Mahsus bekledim, bu Öğretmenler Günü'nde de, medyacılar nasıl yalakalık yapacak öğretmenlere diye...
İşte bayat duygusallıklardan seçmeler:
Öğretmeni duyan yok... Öğretmenin içler acısı hali... Affet bizi öğretmenim... Öğretmenim canım benim... Sen ağlama öğretmenim... Öğretmen ateş hattında...
Ve cart ve curt!..
Bir mesleğin maddi ve sosyal sıkıntıları "zırlamakla" hallolsaydı, öğretmenler ihya olurdu..
Türkler'in işi gücü ağlamak...
Benim hisli meslektaşlarım, notunuzda olsun, öğretmene yalakalık yapmanın da avantası yok...
Çünkü 400 bine yakın öğretmen elini bir gazeteye sürmeden yaşıyor, istediğiniz kadar zırlayın, hikaye...
Ayrıca mide bulandırıyorsunuz, öğretmene haybeden gözyaşı döktüğün akşam, barın birine çöküp cin toniğin yanında yeşil zeytinle havuçu ziftlenmeye başlayacaksın, senin asıl dümenin, nasıl üç kuruş daha avanta yaratırım, ya gazeteden bir ekstra cukka, ya da TRT mrt gibi bir devlet kurumundan ikinci bir maaş yahut da "sanat salağı" bir şirket yöneticisini kafesleyip, sponsorluk adı altında 80-100 bin doları iç etmeyi planlamaktan ibarettir..
Birbirimizi yemeyelim, yavelerinizi, sadece bir kısım saftorik ciddiye alıp hisleniyor...
Ayrıca, size mesleki bir kıyak daha yapayım, belki yayın yönetmenleriniz utancından söyleyemiyordur, asla ve asla "duygulu yazı" yazamıyorsunuz, öyle yersiz kelimeleri, öyle anlamsız biçimde kullanıyorsunuz ki, yazılarınız "duygulu" değil "sümüklü yazı" oluyor, okuyanı türkçeden bile nefret ettirirsiniz, aranızda "kasapçı, nalburcu" diye yazanlar bile var.

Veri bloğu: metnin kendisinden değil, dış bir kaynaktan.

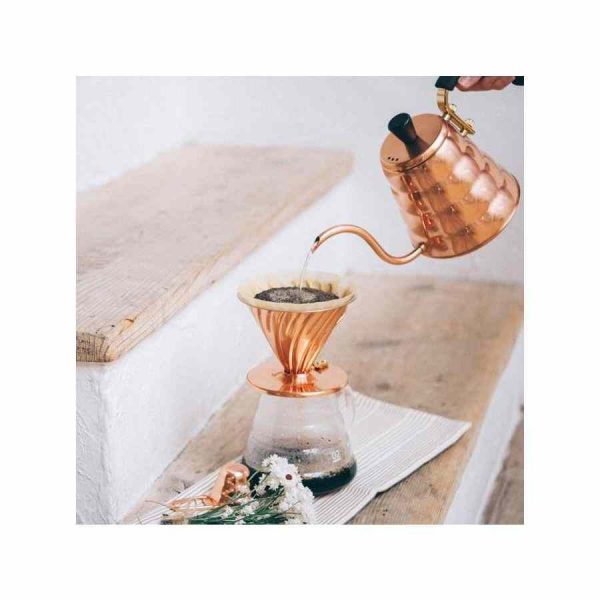 Gotejador de cobre Hario V60 tamanho 02 para café fresco e delicado. Aprecie o sabor perfeito! Ideal para apreciadores de café exigentes.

Duygulu yazı yazmak için evvelemirde "örselenmemiş duygu" lazım, o da sizin gibi "kaşar"larda ne gezer!.. Hem de ne kaşar, levazım deposunda unutulmuş 40 yıllık trakya kaşarı!..
Bence öğretmenlerin içler acısı halinde, kendilerinin de kabahat payı var, nereden belil diyecek olursanız, sizin gibi kazmaları yetiştirmeden hayata salmalarından belli..
Sırf sizden de değil, hani mektepte devamlı sordukları havuz problemleri vardı ya, havuza saatte bilmem kaç litre su akmaktadır, başka bir delikten de şu kadar litre boşalmaktadır, havuz ne zaman dolmaktadır, falan gibi son derece zevksiz, insanı eblehleştiren ve matematikten nefret ettiren soruları hatırlayın, işte o hiç dolmayan havuz saçmalıklarıyla yetiştirilen çocuklar, sonradan devlete bürokrat ve yönetici oldukları, siyasete atıldıkları, lider oldukları için, şekilde görüldüğü gibi Hazine bir türlü dolmuyor, devletin bütün kasaları kevgire dönmüş, KİT'ler delik deşik, belediyeler borç batağında, dış ticaret açığı kapatılmaz vaziyette, tıpkı problemdeki boş havuzlar gibi...
Eeee, öğretmen dediğin de yetiştirdiğinden belli olur, bu kadar kendini "devlete perçinlemiş" öğretmen sınıfı herhalde kaşanelerde oturup, yatlarda tatil yapmayacaktı!
Şu kendi diline hakim olamayan "mütercim yazar" tayfasını ve millete her akşam saç baş yolduran tv yapımcılarını hangi öğretmenler yetiştirdi, Marslı öğretmenler mi?.
Toplum katmanları, her türlü canlılığın, lezzetin, kalibrenin, çapın ve kültürel düzeyin çok çok altında sürünecek, onları yetiştiren öğretmenler ise bal börek içinde yaşayacak...
Var mı böyle bir hayat orantısı, dünyada?..
"Özelleştirme zorunluluğunu" kavramamış öğretmen, bu devletçi sistemle asla kurtulamayacağını anlamadıkça bu tragedya bitmeyecek...
Bilgisinin, emeğinin, birikiminin, fedakarlık ve sevgisinin değerli bir "meta" olduğunu bildiği ve bunun hakkını istediği gün kurtulacak...
"Kutsal meslek" dümeniyle kandırıldığı gün değil...
Bu konu derin, yarın da devam edelim.